Me and the Big Black Cloud

Many of you who know me, know that I have spent many, many years of my life struggling with depression. Depression is still a very misunderstood illness. A lot of people think that because they have felt low for the occasional day this means they know all about depression.

I am NOT an expert, but having lived with depression all through my teenage years, as well as for a large proportion of my adult life, I can at least tell you about my experience.

Depression is not waking up feeling sad. Depression is waking up and feeling numb: everything is muted; the colours aren’t as bright; noises come to you through cotton wool; emotions lack depth. It’s like living in a permanent fog.

The big problem is, you’re not even sure that there is a problem a lot of the time. You can’t remember what it’s like not to feel that way… just a little bit dead inside.

And depression is nasty, because every now and then you’ll have a good day and think “great, I’m better now”, and the next day everything will be hopeless again.

When you feel depressed you know that nobody wants to know, or hear, about it. You get really good at camouflaging it. You smile harder so that no one will guess how hopeless you feel.

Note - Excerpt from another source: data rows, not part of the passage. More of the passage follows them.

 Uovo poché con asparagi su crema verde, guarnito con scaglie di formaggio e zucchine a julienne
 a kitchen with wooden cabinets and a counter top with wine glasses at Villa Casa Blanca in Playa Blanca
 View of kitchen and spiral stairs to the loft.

You don’t believe that anyone could really like you, not if they knew how low and worthless you felt inside. You keep people at an arms length, because you think they wouldn’t like you if they knew you, so you don’t let them know you, and you reinforce the whole cyclical negative thought process by telling yourself that the friends you do have only like the person you pretend to be, not the “real” you. And that way you nullify the love and support they offer you.

You have NO CONTROL over this! Sometimes you are aware of the way you are thinking, but you can’t stop it. The glass really is only half full – it’s not enough – but you can’t do anything about it. You’re living with a big black cloud that WILL rain on your parade any time it wants to.

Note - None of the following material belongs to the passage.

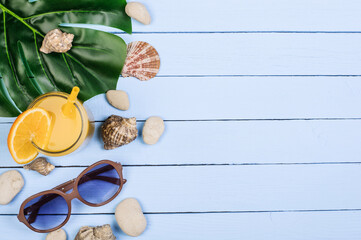 Glass with juice, sunglasses, seashells, monstera leaf on blue boards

And then there are those times when nothing is hopeful, you’re going to feel like this forever, you’re never going to have any real friends, no one will ever really love you, nothing good will ever really happen, nothing will ever change… and that thought, that last thought is so awful that you want to die. NOTHING WILL EVER CHANGE. And you can’t bear it.

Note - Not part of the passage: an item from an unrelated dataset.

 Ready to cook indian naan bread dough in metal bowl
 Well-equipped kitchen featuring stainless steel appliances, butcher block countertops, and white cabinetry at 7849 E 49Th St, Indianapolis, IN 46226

But things can change, and you have to hold on to that certainty with both hands. Life is change. Everything changes, all the time, often only little by little, but inexorably change comes.

I was lucky. In my life at different times I have had two brilliant counsellors. They both encouraged me to talk about myself and my feelings. They didn’t judge me. They accepted the bad, and the good. They waited with me when I wasn’t ready to move forward. They understood that sometimes I wasn’t able (yet) to pass a sticking point. They challenged me when what I said didn’t make sense. Until, sometimes in huge leaps and sometimes in tiny baby steps, I started to understand myself and to forgive myself for not being perfect. And I started to forgive the people, who, with the best of intentions, had set the foundations for my depression.

And I am even more lucky, because I have dear friends who have stood by me in really difficult times, and listened to me repeat myself, and not judged me, but understood that some things have to be said more than once, more than twice even.

And I am even more lucky, because my lovely daughter mostly forgives me for her less than ideal childhood. I think she knows how much I love her.

And I am even more lucky, because I found my lovely Tim. I have never been so loved, and I have never loved so much. And I am happy.

I know how fragile and precious happy is. I know how easy it can be to slip back into old habits of thinking. But I really do believe that this time I have done enough work, I have made myself (with everyone’s help) strong enough not to become depressed again, even when life challenges me with sadness.

So, for those of you still caught, hold on, KNOW life is change, your life, your mind can change. You too can find happy when you are ready to.